Voltei para casa arrasada em lágrimas, traição igual só conhecia no gênero masculino, em sapatos, não. Eu os queria matar, lentamente, na tortura. Arranquei os amaldiçoados dos pés e os arremessei contra a parede sem dó, sem lástima.

Esbravejava e os ofendia como se fossem gente e não seres inanimados, afinal gente é que fere sem razão. No entanto estava perante uma exceção. Pensei...vou vender esse par de canalhas. Já que comigo não se adaptaram, quem sabe podem sentir-se melhor em outros pés. Ao par disso poderia obter algum lucro, o que não seria de todo um mal. Foi assim que começou a saga dos pisantes assassinos.

Depois de fazer curativos nos aleijões em que se transformaram meus pézinhos e tomar remédios contra ferimentos graves, coloquei os perigosos na caixa e rumei para a casa de uma amiga que hospedava umas parentes há quase um mês, quem sabe ali me veria livre de Marco e Pólo. Ah, há um detalhe que me esqueci de mencionar, o modelito da dupla. O bico dos ignóbeis era furado à moda dos anos 60, tinham também uma alça no peito do pé que lhes dava uma graça infinda. O salto era grosso, firme e elegante.

Chegando à casa da anfitriã de visitas odiadas no exterior, uma das hóspedes enlouqueceu com a beleza dos irresponsáveis, antes que eu fizesse qualquer objeção ou recomendação ela os enfiou pé afora enquanto seu desavisado dedão escorregava para dentro da máscara mortuária e se encaixava na abertura da frente. De repente começaram os gritos desesperados da hóspede-menina: socorro, tira, tira pelo amor de Deus. Sentada no chão ela blasfemava tentando tirar Pólo de um pé que apertou seu dedão de tal forma que ele imediatamente inchou e arroxeou. Enquanto a ajudávamos Marco se incumbia de fazer sua parte. Na minha cabeça a gangrena era certa. Lutamos bravamente contra os dois, eu puxava o corpo da possuída e minha amiga os assassinos. Quando a liberamos, o impacto foi tão grande que fui parar com as costas em uma parede e minha ex-amiga na da frente, uma violência. Marco e Pólo mais uma vez festejaram a vitória.

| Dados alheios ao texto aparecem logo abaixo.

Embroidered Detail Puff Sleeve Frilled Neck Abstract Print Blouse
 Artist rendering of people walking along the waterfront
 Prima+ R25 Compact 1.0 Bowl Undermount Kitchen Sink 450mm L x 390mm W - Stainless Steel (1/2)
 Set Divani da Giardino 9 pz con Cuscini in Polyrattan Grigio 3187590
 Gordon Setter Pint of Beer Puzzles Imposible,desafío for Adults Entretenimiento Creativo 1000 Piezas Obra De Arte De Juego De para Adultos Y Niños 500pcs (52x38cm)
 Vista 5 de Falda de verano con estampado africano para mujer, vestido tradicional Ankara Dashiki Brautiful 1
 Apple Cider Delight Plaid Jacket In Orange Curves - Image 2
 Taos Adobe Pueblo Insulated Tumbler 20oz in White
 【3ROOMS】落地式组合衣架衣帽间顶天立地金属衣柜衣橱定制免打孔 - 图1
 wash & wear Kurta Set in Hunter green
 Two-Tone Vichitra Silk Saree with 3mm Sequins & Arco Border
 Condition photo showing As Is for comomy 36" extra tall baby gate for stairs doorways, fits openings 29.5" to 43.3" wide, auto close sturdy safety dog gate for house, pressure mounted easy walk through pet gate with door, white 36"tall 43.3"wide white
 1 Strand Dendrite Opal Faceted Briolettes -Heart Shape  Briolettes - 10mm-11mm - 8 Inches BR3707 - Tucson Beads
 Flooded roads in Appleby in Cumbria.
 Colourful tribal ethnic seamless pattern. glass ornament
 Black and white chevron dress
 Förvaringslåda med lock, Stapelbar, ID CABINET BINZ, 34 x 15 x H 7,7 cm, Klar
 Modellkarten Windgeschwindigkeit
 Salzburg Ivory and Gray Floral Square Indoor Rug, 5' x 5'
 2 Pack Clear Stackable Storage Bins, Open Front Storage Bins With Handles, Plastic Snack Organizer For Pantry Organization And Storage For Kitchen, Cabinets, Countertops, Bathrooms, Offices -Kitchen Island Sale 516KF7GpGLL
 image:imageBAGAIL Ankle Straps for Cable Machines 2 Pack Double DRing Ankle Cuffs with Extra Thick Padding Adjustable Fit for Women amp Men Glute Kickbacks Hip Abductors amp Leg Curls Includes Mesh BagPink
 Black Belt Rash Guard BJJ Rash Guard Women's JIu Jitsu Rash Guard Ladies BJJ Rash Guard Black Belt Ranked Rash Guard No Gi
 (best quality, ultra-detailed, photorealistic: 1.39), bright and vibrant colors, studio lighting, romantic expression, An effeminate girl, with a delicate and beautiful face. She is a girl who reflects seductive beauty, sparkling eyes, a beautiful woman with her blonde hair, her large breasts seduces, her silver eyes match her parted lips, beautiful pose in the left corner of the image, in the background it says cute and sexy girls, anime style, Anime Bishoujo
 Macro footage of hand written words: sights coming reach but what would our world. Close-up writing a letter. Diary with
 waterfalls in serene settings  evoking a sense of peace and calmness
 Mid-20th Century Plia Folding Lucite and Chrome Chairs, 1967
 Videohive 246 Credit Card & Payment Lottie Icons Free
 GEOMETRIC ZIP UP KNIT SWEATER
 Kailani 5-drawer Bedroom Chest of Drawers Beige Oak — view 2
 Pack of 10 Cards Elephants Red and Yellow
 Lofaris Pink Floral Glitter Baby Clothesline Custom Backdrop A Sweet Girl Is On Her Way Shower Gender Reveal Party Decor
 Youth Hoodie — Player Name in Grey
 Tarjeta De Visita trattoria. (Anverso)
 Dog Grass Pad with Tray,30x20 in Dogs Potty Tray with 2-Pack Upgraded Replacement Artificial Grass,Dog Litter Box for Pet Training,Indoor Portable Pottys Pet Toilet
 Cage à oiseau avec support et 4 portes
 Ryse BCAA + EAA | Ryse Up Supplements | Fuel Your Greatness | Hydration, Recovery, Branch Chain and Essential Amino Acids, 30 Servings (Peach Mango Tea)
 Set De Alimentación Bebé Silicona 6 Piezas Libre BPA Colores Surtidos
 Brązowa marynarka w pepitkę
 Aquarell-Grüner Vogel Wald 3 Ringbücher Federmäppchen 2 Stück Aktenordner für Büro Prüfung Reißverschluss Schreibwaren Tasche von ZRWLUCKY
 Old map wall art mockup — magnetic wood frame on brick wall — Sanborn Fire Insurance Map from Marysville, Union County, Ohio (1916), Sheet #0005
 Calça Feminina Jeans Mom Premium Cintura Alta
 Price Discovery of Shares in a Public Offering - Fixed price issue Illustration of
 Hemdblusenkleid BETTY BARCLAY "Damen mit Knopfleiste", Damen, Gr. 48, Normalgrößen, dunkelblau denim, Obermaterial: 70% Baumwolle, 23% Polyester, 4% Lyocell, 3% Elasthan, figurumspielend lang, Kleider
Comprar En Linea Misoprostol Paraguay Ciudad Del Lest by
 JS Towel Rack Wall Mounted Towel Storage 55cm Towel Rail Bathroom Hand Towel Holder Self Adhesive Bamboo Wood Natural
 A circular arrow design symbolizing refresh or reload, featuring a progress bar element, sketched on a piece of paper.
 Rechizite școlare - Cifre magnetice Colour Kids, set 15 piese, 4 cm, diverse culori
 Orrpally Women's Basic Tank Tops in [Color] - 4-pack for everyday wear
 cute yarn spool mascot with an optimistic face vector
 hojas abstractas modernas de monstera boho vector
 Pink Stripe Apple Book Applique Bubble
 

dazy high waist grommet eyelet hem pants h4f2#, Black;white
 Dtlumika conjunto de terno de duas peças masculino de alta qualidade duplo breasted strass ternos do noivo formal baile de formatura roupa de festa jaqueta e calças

Sai dali desagradada, sem convites para ficar mais um pouquinho, mas já pensando em outra vítima. Lembrei-me de uma colega chinesa que aparentemente gostava muito de mim. Seus pés eram fininhos e delicados, naturalmente os sapatos não teriam como fazer-lhe mal. Essa filha de Mao Tse Tung por certo os compraria, eu já obsevara que longe dos olhos do Partido, ela se deleitava nos prazeres do consumismo capitalista desenfreado. Quando lhe mostrei o inocente par de sapatos, seus olhos puxados desempuxaram-se, aquele era um objeto precioso, duplamente importado, do Brasil para os Estados Unidos e no futuro para Pequim. Comprou-os sem pestanejar. Cinqüenta dólares. Os agradecimentos foram de tal ordem, que sentia-me previamente culpada só de imaginar o espírito perverso de Marco e Pólo voltando à carga e dessa vez a guerra seria ideológica. Não deu outra.

Quando sai da biblioteca vi Turikita rodeada de patrícios que falavam e gesticulavam como se tramassem uma retaliação ao sabor amarelo. Foi só pôr os olhos em mim que a "vermelha" pouco convicta miou, Luchiiiiiiiiiiiiiiiinha (meu nome é Lúcia mas Turikita não pronuncia bem o C e eterniza a sílaba tônica,) que “iiiiiiiisho”? Eu quis fugir mas amedrontada por uma possível perseguição amarela, a atendi. Meu Deus do céu que estrago, lamentei. Ela, implacável, com os pés franzidinhos horizontalmente, vociferava, “where is my money?”.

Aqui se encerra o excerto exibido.